### Prompt
For this task, extract exactly the lines of the data below, from the line containing "اتاق استاندارد سه" through the last one, with pictures left out.

Captioned web images
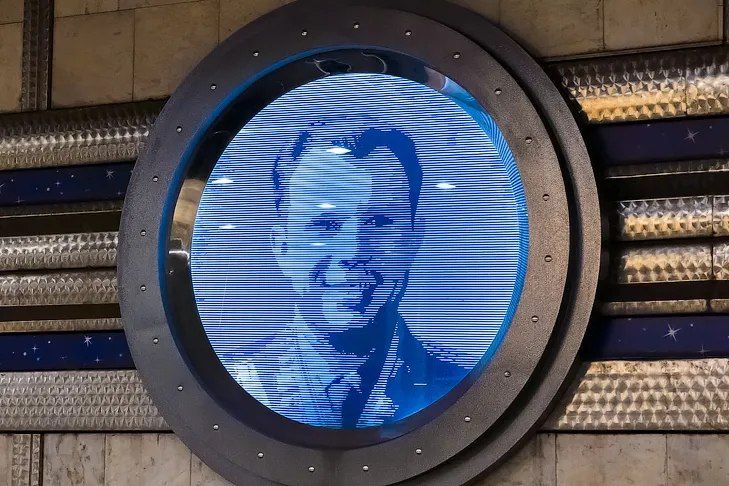 ������� ������� � ������������ 65-����� ������ ��������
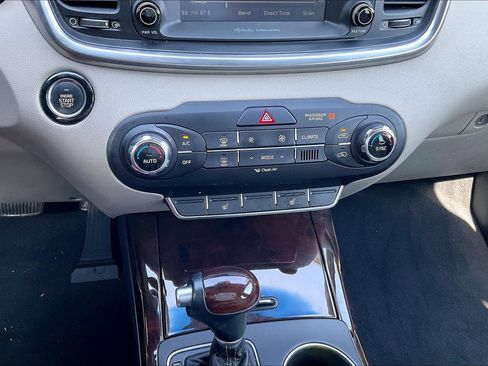 Used 2017 Kia Sorento EX FWD image 15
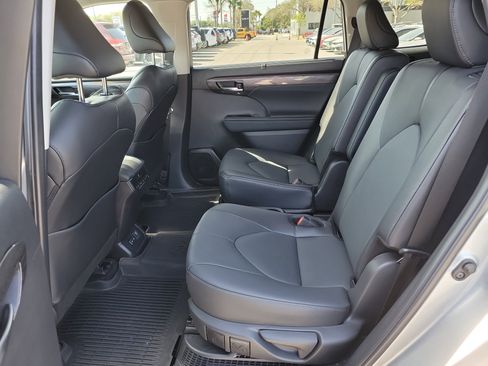 Used 2024 Toyota Highlander Limited AWD/4WD image 16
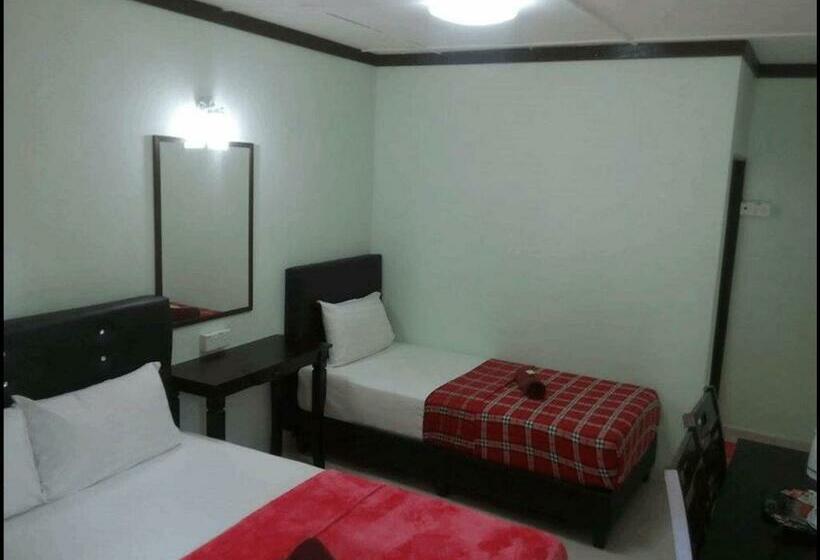 اتاق استاندارد سه نفره, Rasa Senang Villa  Islam Guest Only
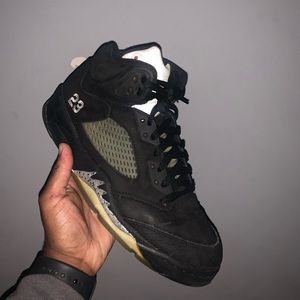 Jordan 5 “Metallic”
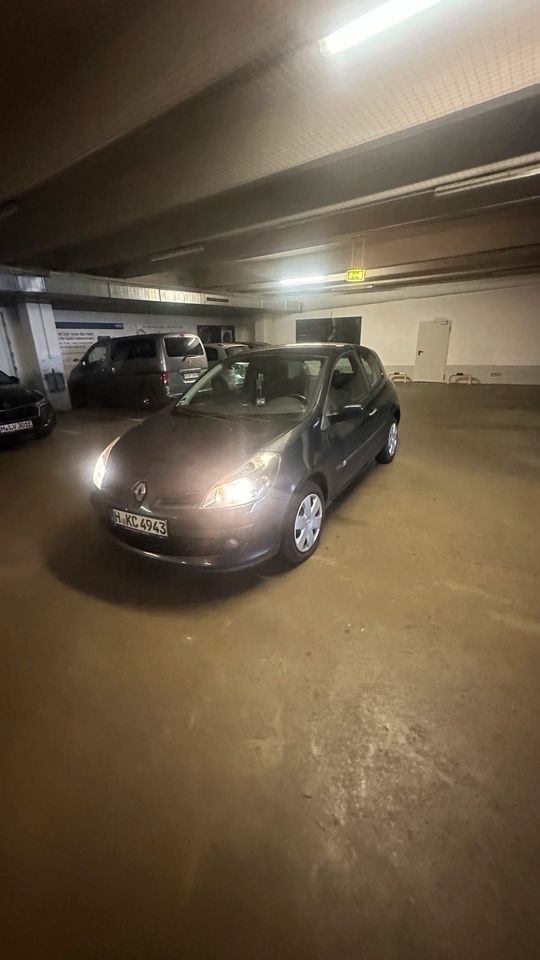 Renault clio 3 III 1.6 88 ps sparsam Kurven Licht in Gehrden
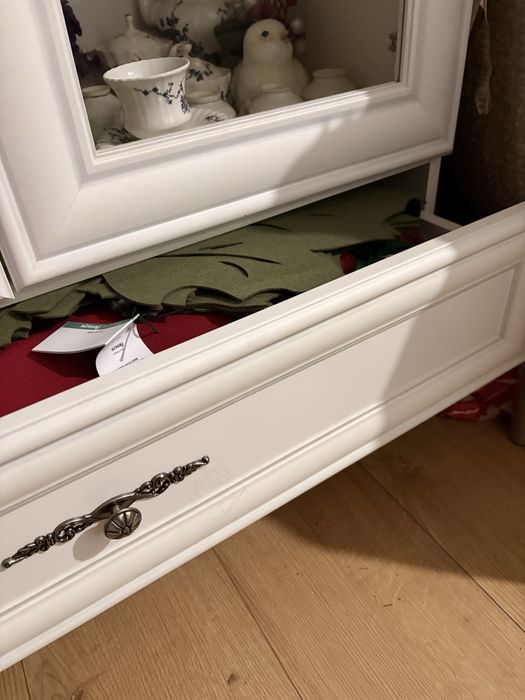 Vitrina alba eleganta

### Task result
 اتاق استاندارد سه نفره, Rasa Senang Villa  Islam Guest Only
 Jordan 5 “Metallic”
 Renault clio 3 III 1.6 88 ps sparsam Kurven Licht in Gehrden
 Vitrina alba eleganta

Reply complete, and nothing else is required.